O que é o Advento
Emmir Nogueira (Comunidade Shalom)
Finalidade e espírito deste tempo - Enquanto que o Tempo pascal e da
Quaresma, a celebração do Natal do Senhor e da Epifania são comuns a
todos os ritos, o Tempo do Advento é próprio do Ocidente. Foi
instituído para que os fiéis se preparassem para a celebração do
Natal, mas em pouco tempo adquiriu também um significado
escatológico: de fato, recorda a dupla vinda do Senhor, isto é, a
vinda entre os homens e a vinda no final dos tempos." (1)

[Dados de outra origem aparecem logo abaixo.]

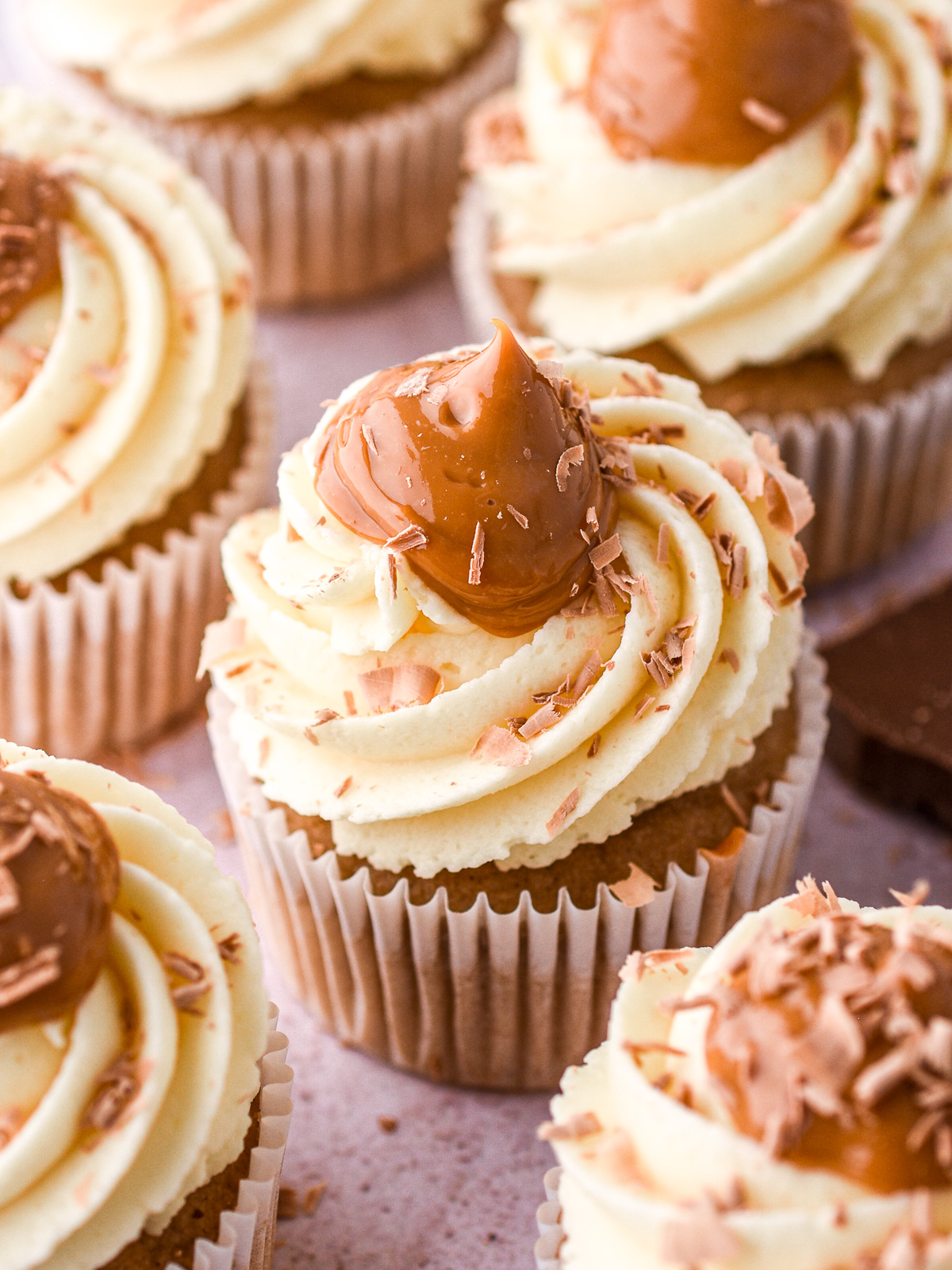 Banoffee Cupcakes shown on a kitchen counter, you can see the swirls of vanilla and caramel on the cupcakes.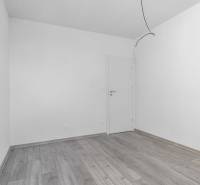 I PREDAJ novostavba 4i rodinného domu s terasou a záhradkou - Prázdna miestnosť v rodinnom dome s podlahou s dreveným dekorom a bielymi stenami.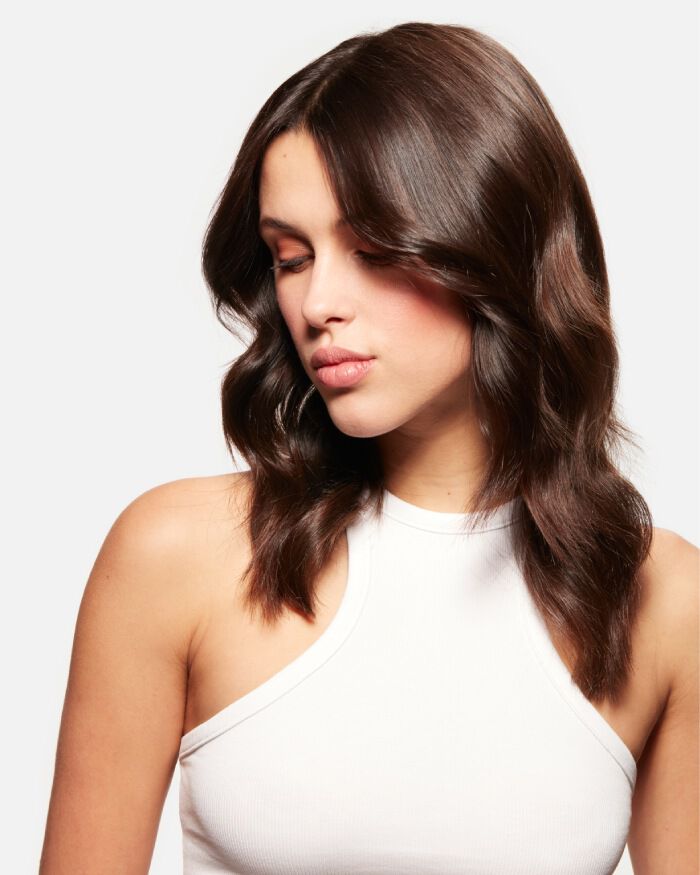 Ritratto di una giovane donna con capelli castani ondulati, che guarda in basso con un'espressione tranquilla, indossando una maglietta senza maniche.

O tempo do Advento tem a duração de quatro semanas e não é mais
considerado somente como tempo de penitência; ao contrário, é tempo
de alegre expectativa.
No tempo do Advento omite-se o "Glória" nas celebrações litúrgicas,
mas por razões diferentes da omissão do mesmo no tempo da Quaresma: é para que este hino angélico ressoe no Natal como um cântico novo.
Nas duas primeiras semanas do Advento, a liturgia expressa o aspecto
escatológico do Advento, colocando nos corações a alegre expectativa
pela segunda vinda de Cristo. Nas semanas seguintes, a Igreja nos
prepara diretamente para a celebração do Natal do Senhor.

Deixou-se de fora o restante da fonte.